The Exomer Coat Complex Transports Fus1p to the Plasma Membrane via a Novel Plasma Membrane Sorting Signal in Yeast

Sorting of transmembrane cargo proteins to different cellular compartments is mediated by sorting signals that are recognized by coat proteins involved in vesicle biogenesis. We have identified a sorting signal in the yeast cell fusion protein Fus1p that is required for its transport from the trans-Golgi compartment to the plasma membrane. Transport of Fus1p from the trans-Golgi to the cell surface is dependent on Chs5p, a component of the multisubunit exomer complex. We show that Fus1p transport is also dependent on the exomer components Bch1p and Bud7p.
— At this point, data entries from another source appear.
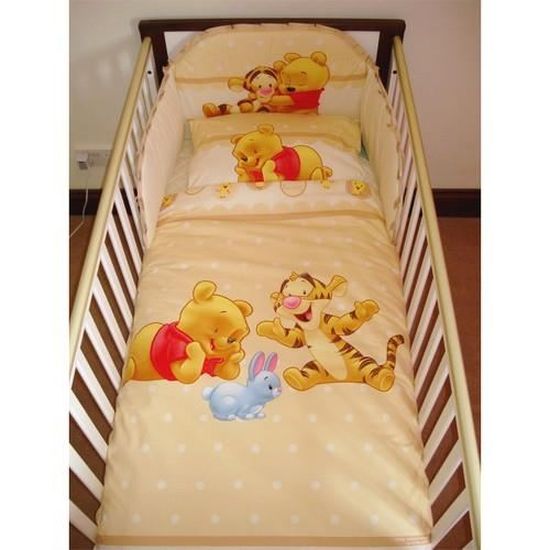 Winnie Tigrou Parure Lit Bebe Tour De Lit Housse De Couette Taie Cdiscount Maison Winnie Tigrou Parure Lit Bebe Tour De Lit Housse De Couette Taie Cdiscount Maison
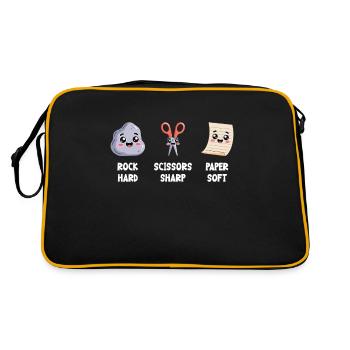 Ciseaux Pierre Papier Kawaii Jouet Figurines - Sac Retro - noir/or - Dos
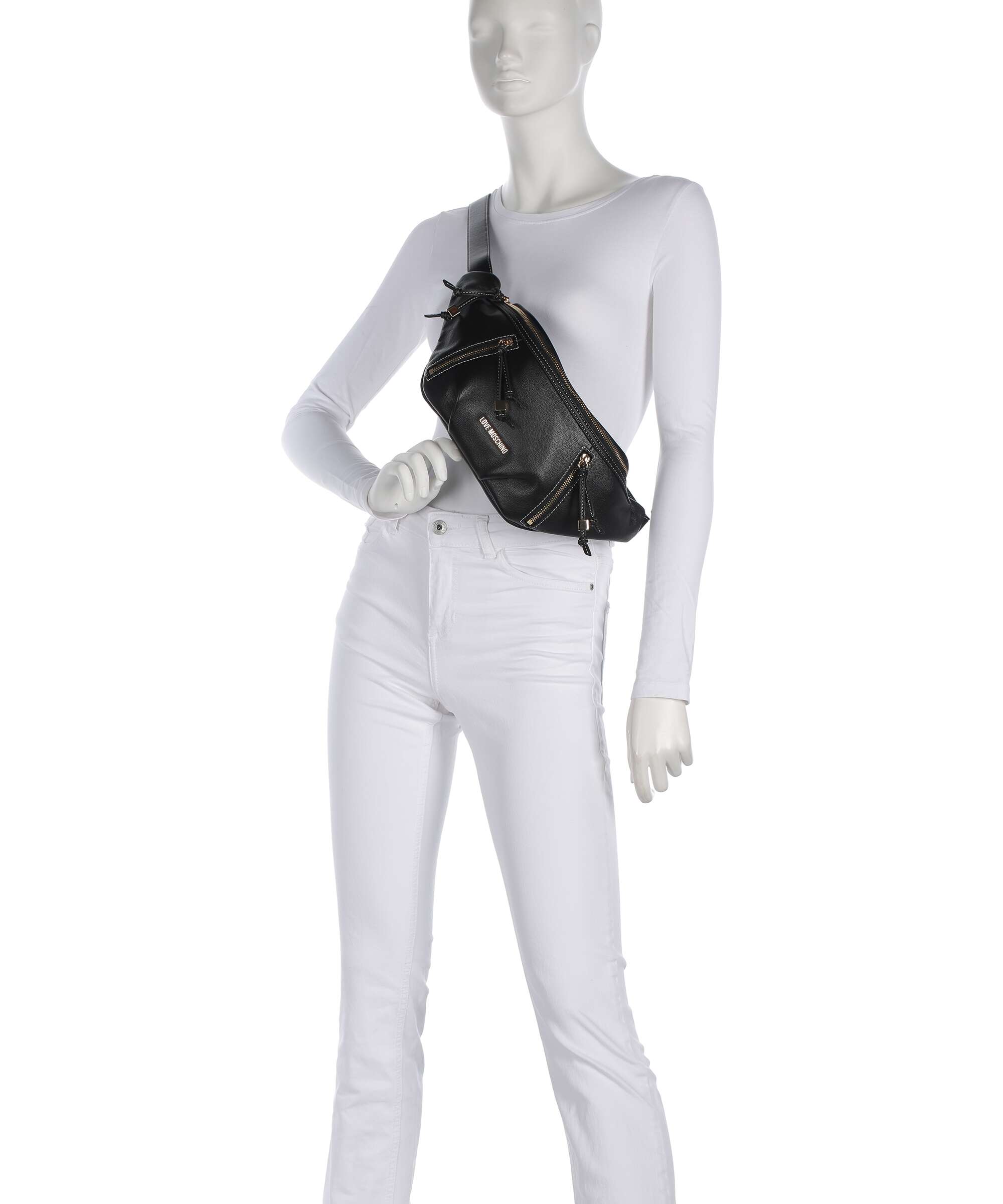 Love Moschino String Belt bag black/black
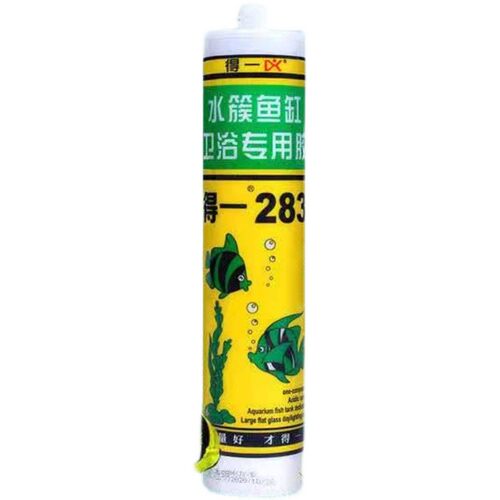酸性大型粘鱼缸胶水族q箱专用透明玻璃胶水强力防水补漏快干密封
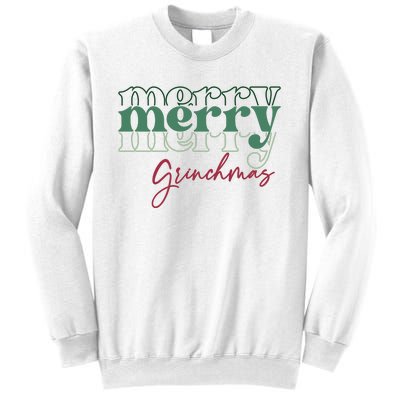 Merry Grinchmas Super Cute Christmas Sweatshirt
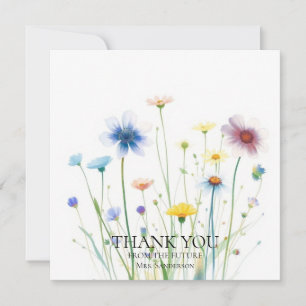 Wildflower Bee Bridal Shower Thank You Card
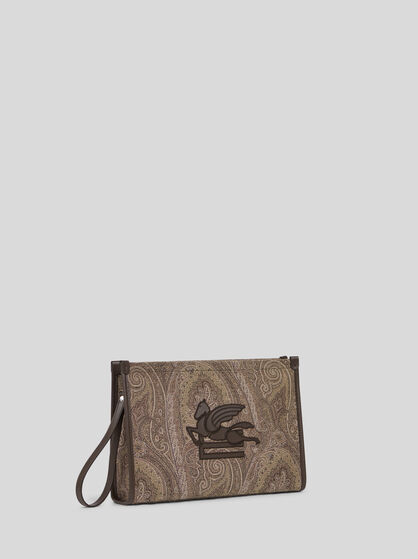ETRO ESSENTIAL LARGE JACQUARD POUCH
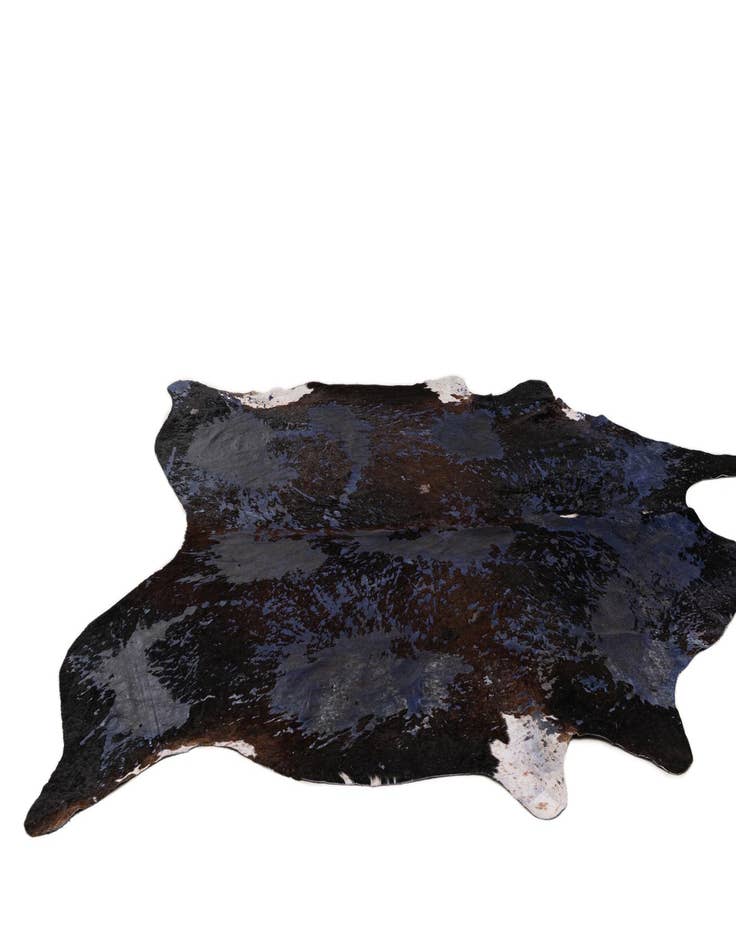 Detail image of  6' 7 x 7' 7 Cowhide Leather Rug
Disruption of the clathrin adaptor protein complex 1 (AP-1) restores Fus1p localization to the cell surface in the absence of exomer, possibly by promoting an alternate, exomer-independent route of transport. Mutation of an IXTPK sequence in the cytosolic tail of Fus1p abolishes its physical interaction with Chs5p, results in mislocalization of Fus1p, and therefore causes a cell fusion defect. These defects are suppressed by disruption of AP-1. We suggest that IXTPK comprises a novel sorting signal that is recognized and bound by exomer leading to the capture of Fus1p into coated vesicles en route to the cell surface.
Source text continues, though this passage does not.